“Her too!” Sam snapped his fingers toward the door. “Out! Now!”
Willie started to reach for the girl, but she slapped the back of his wrist. “Mitts off, buster!” He winced and yanked his hand back, and she turned to Sam. “If this is the way you intend to run this convention, then I’ll be happy to leave.”
By then, Nat was beginning to sit up. “And even if you were giving me a choice in the matter, I’d join her, anyway.”
She glanced down at him and gave him a lovely smile. Yeah, that was the right thing to say. Nat started to struggle up from the floor and found himself being helped to his feet by the kid. Now it was the three of them against the convention chairman and his friend. This wasn’t the way Nat intended to make friends here, but there was no backing down now.
“I’m not a Futurian,” Nat said to Sam, “but could you point them out to me so I can ask to join?” Not waiting for an answer, he patted the kid’s shoulder. “C’mon, friend. Let me buy you a cup of coffee.”
“I’ll buy you both lunch,” the girl said. “There’s a place across the street. Let’s go.”
Nat and the kid shared a surprised glance. A free lunch from a swell-looking girl was an offer they couldn’t refuse.
“After you, madam,” the kid said, giving her a gallant bow.

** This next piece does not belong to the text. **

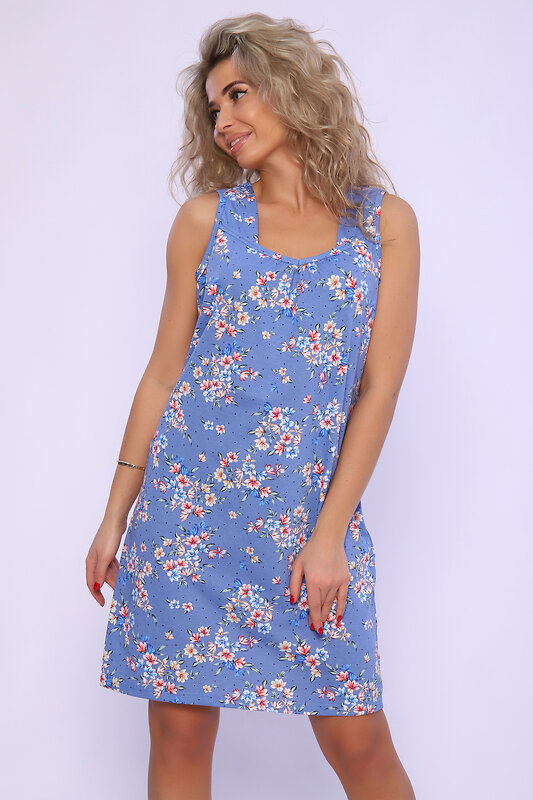 Натали Сорочка 580804 89400 голубой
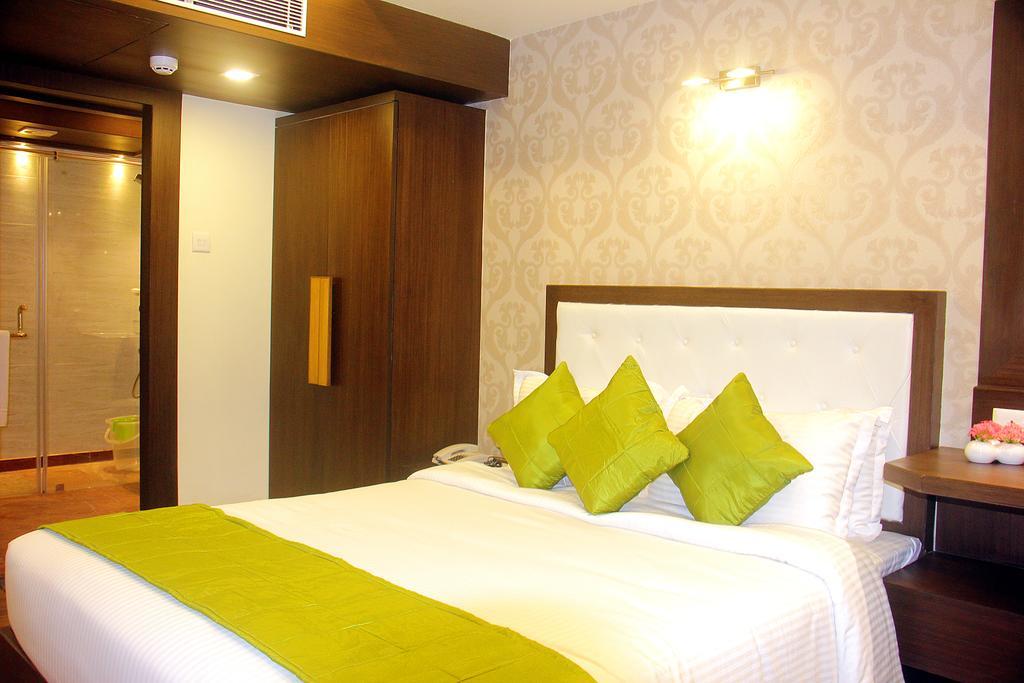 Ethnotel Kalkutta Zimmer foto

“Thank you, kind sir.” She fell in step with them as they walked away. Ignoring the stares and scattered applause of those who’d witnessed the altercation, they made their way through the crowded hall and down the steps, but it wasn’t until they reached the sidewalk that they discovered a fourth person had joined them, the tall fellow who’d tried to defend them.
“What are you doing here?” Nat asked. “They didn’t throw you out.”
“No, they didn’t.” The tall man reached into his jacket pocket and pulled out a briar pipe. “But hanging around with the three of you looks like more fun.”
* * *
The restaurant across the street from Caravan Hall was an Automat, appropriately futuristic for the World’s Science Fiction Convention. Vending machines with little glass doors dispensed sandwiches and pie slices for a nickel apiece, leaving the waiter with only the job of coming around to pour coffee. For Sunday noon, the place was crowded; all the tables were taken.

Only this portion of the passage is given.